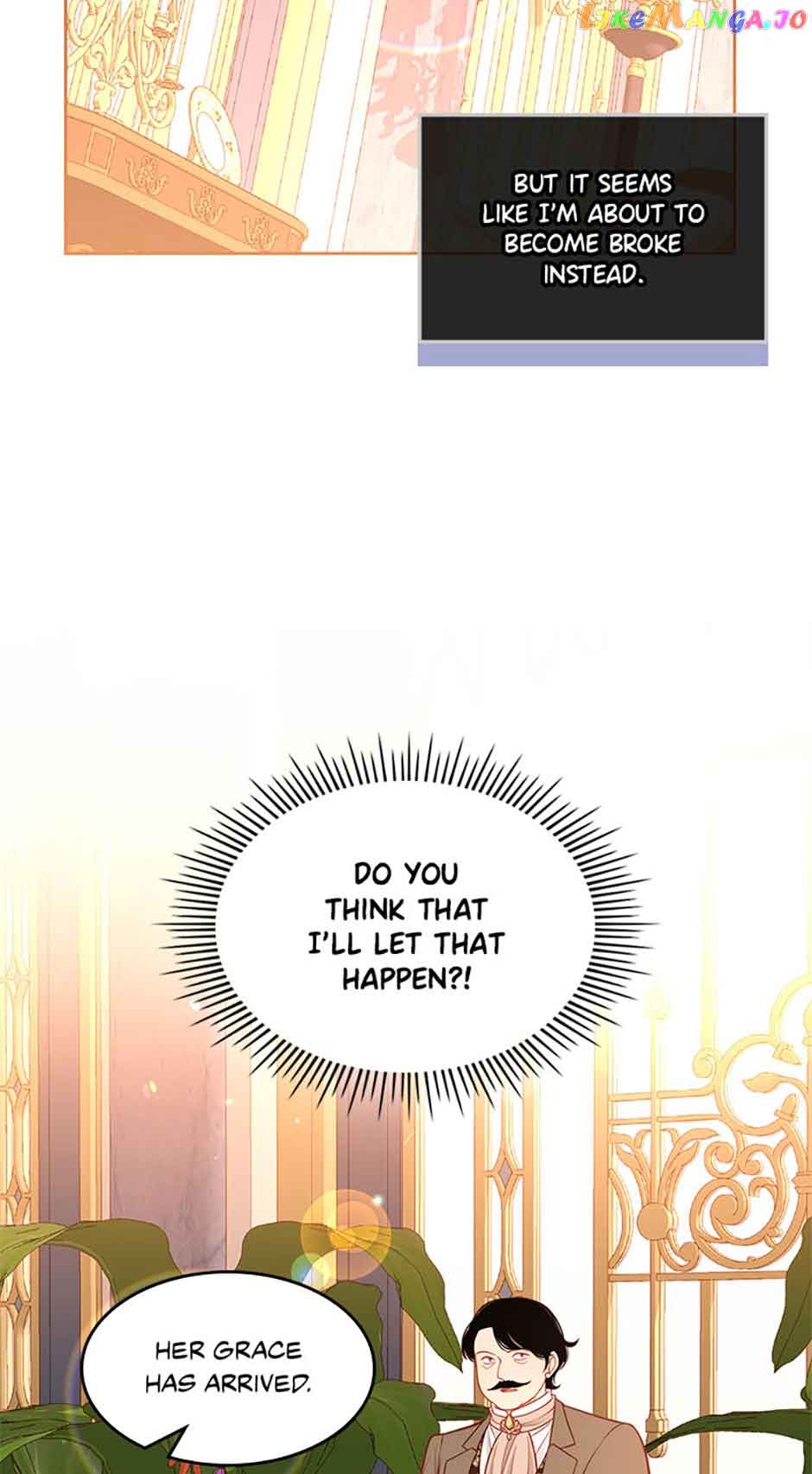 The Duchess’s Secret Dressing Room chapter 53 page 30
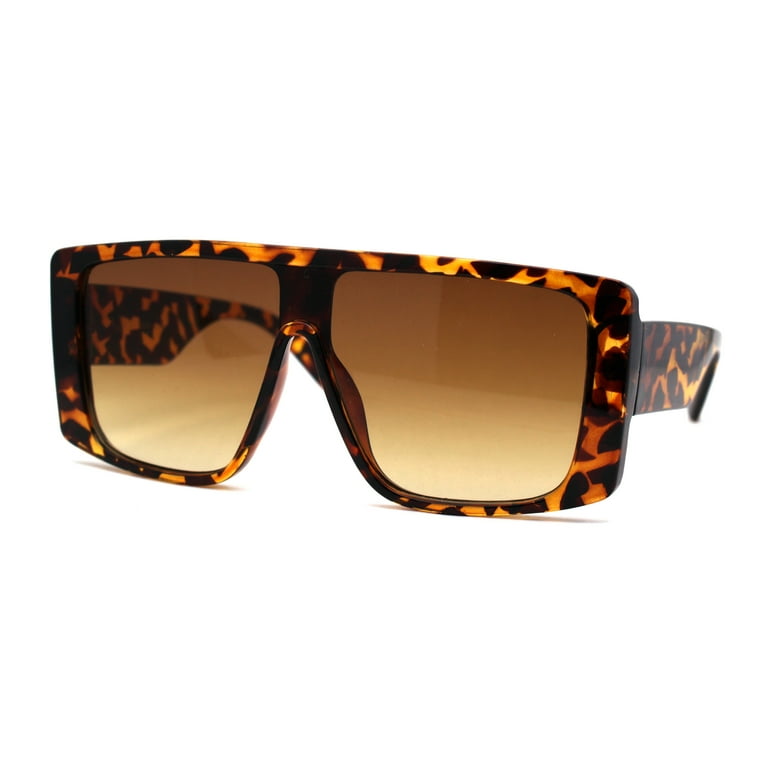 Flat top hotsell tortoise sunglasses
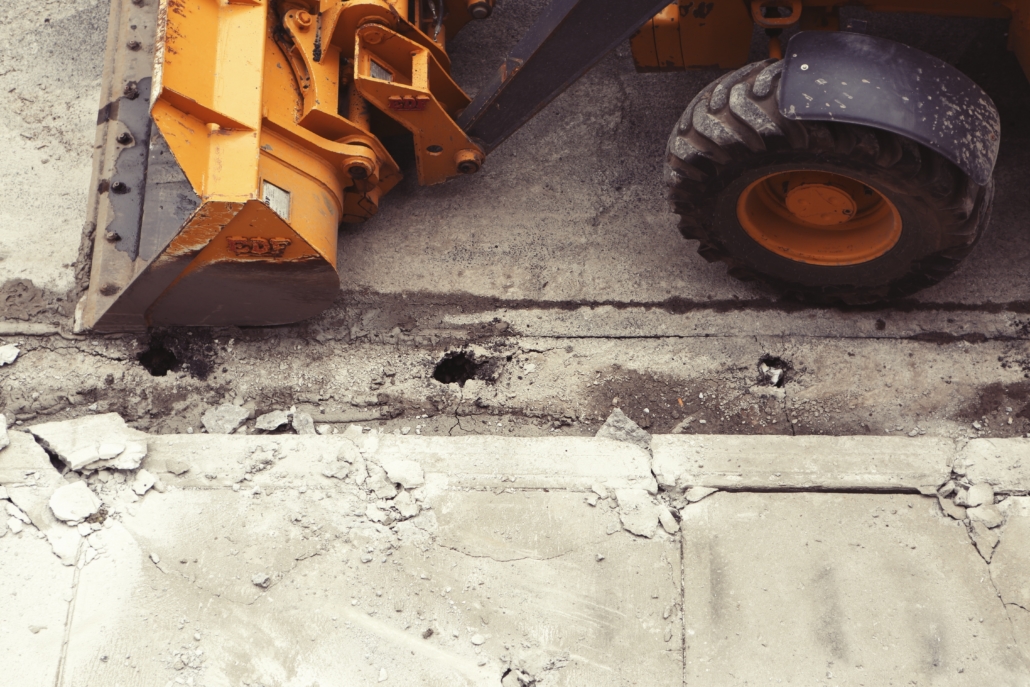 Smart Construction with ConnectIoT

* **Requirement**
Only the pictures are dropped. Otherwise, write out the listing exactly.

* **Reply to the task**
 The Duchess’s Secret Dressing Room chapter 53 page 30
 Flat top hotsell tortoise sunglasses
 Smart Construction with ConnectIoT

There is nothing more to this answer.